How did we go from Dante and Flannery O’Conner, from Dostoyevsky and Da Vinci, to this barren, desolate landscape of Christian art? How did we get from Bach and Handel, from early twentieth century American Gospel music, to the travesty of modern Christian country-rock and the cringe inducing mediocrity of post-conciliar Catholic liturgical music? Where did Christian devotional art jump the proverbial shark? Somewhere along the line the arts lost their religion, and religion lost its art. Art and music became institutionalized; a part of the academy, indoctrinated into Enlightenment values, and suspicious of the value of enlightenment. Nihilism replaced the Good, the True and the Beautiful and the Theory of Relativity replaced the prologue to the Gospel of John. In the Catholic universe specifically, we lost our faith. Catholicism in the pre-conciliar period was already losing its hold on the artist. The neocon legalism of the Neo-Scholastics had eclipsed the cosmic, Neoplatonic understanding of the early Church Fathers and the poetic speculations of the medieval mystics. The pre-conciliar Church was a Church of banned books and ridiculous formulations: “learn this prayer and get ten days off of purgatory.” No thinker—no artist—could take such nonsense seriously. The Church as spiritual institution had become a mental institution. 

Then came Vatican II and the great hope of renewal, the great challenge of tackling modernity head on, of engaging with the culture and its ideas from a Catholic worldview; not of modernizing the Church but of meeting the challenges posed by the post-Enlightenment atheistic paradigm with a better Way, a richer Philosophy of Being, a more compelling worldview. That was the idea. A return to source. A revival of the religion via the Church Fathers. A little less Aristotle and a little more Plato. Instead, the modernists in the Church hijacked the post-conciliar period and went about liberalizing and secularizing the Catholic Church to such an extent that it lost its very essence, its meaning. Since we no longer had to abstain from meat on Fridays, it followed that we no longer had to take Lent seriously, we no longer had to discipline ourselves, to steel ourselves against modernity’s excesses. We no longer had to take the Catholic faith seriously. We could eat meat whenever we damn well pleased and go on a second vacation this year. We could go to a fancy dinner on Friday, take the boat to the lake on Saturday, and catch 11am Mass on Sunday. With a crisis of meaning in the culture at large, we were responding by making Catholicism ever more meaningless. Instead of rising to the challenge of modernity by offering a real alternative, we were allowing modernity to dictate the terms. No small wonder we lost the artists. No small wonder we haven’t seen great Catholic art in the post-conciliar period. Artists deal in meaning, and if you are going to strip meaning from the Church, then the result will be (and has been) to strip the Church of art.

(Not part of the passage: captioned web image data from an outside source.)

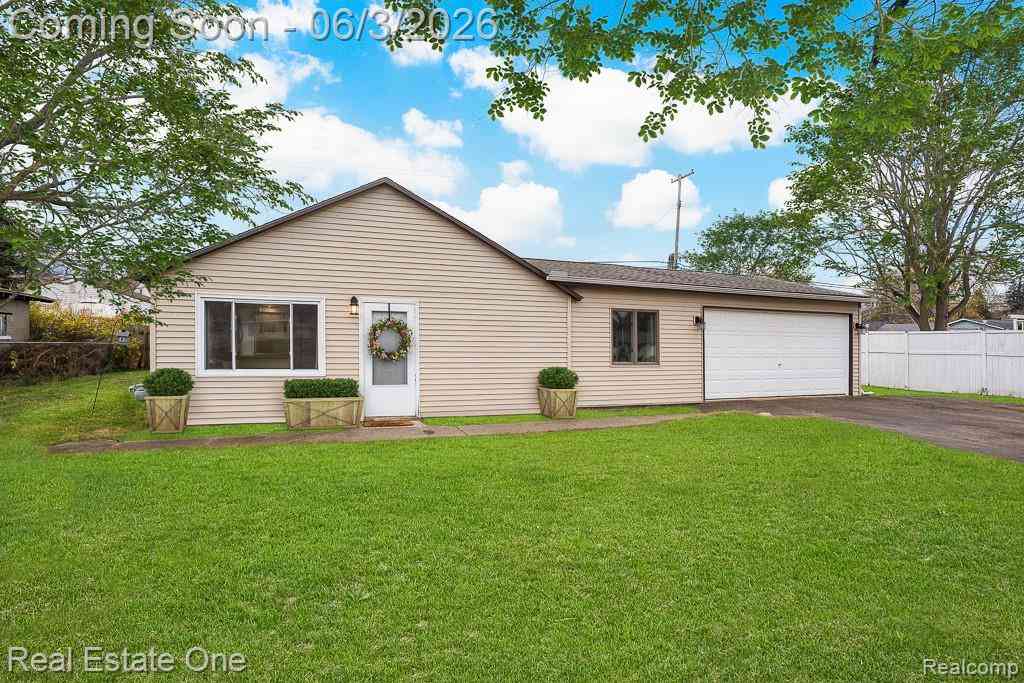Homes For Sale - 2762 Emmons Avenue <br/> Rochester, MI 48307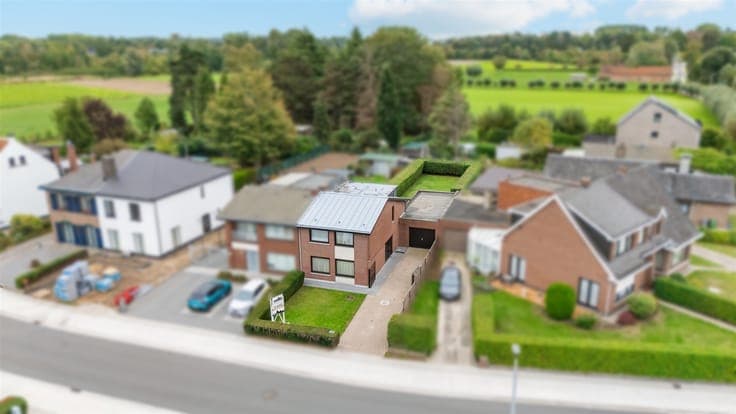 3-Bedroom Family Home in Sint-Niklaa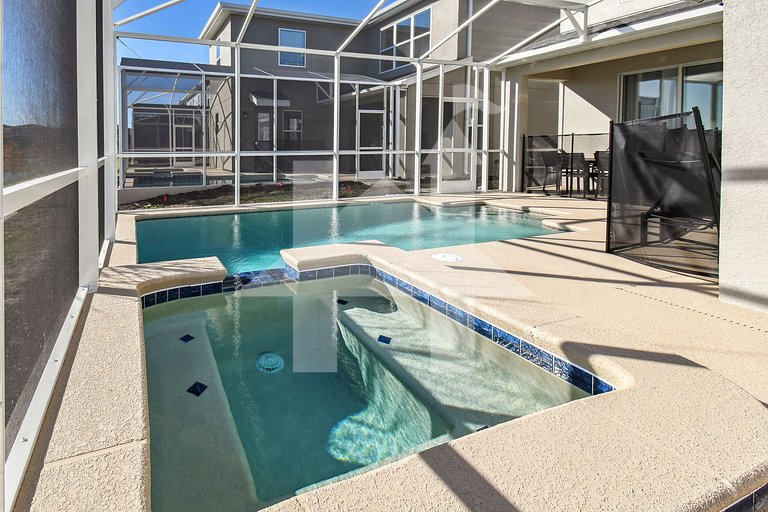 Vacation Home Near Disney, 5 bedrooms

But, there is always hope. We are Christians, after all, and hope is still one of our three cardinal virtues. Mainstream culture, birthed by modernity’s Cartesian values, is in serious crisis. We have stripped the world of its center. We have separated logic from logos, and the wheels on the post-enlightenment Western worldview are falling off. The bloom is off the secular rose and there is not enough lipstick in the world to pretty up this pig. Left and Right have lost their sense of direction. The American anti-war movement is on life support and fading fast. Boys think they are girls and girls want to be boys and you dare not question this phenomena for fear of being accused of a lack of sensitivity—or worse. The cities have become hotbeds of conformity catering exclusively to young professionals, and outside of the cities the suburbs are violently crumbling. Boomer retirees have colonized the small towns, pushing the cost of living beyond the reach of a shrinking working class, and on the edges of everywhere the homeless, unhoused masses wander aimlessly in drug-zombie stupor through this post-apocalyptic American Nightmare. And therein lies the hope. We are at an undeniable crossroads as a society. The dark house of cards that we have built our institutions on is being exposed, brought into the light of day, and there will be no political salvation. 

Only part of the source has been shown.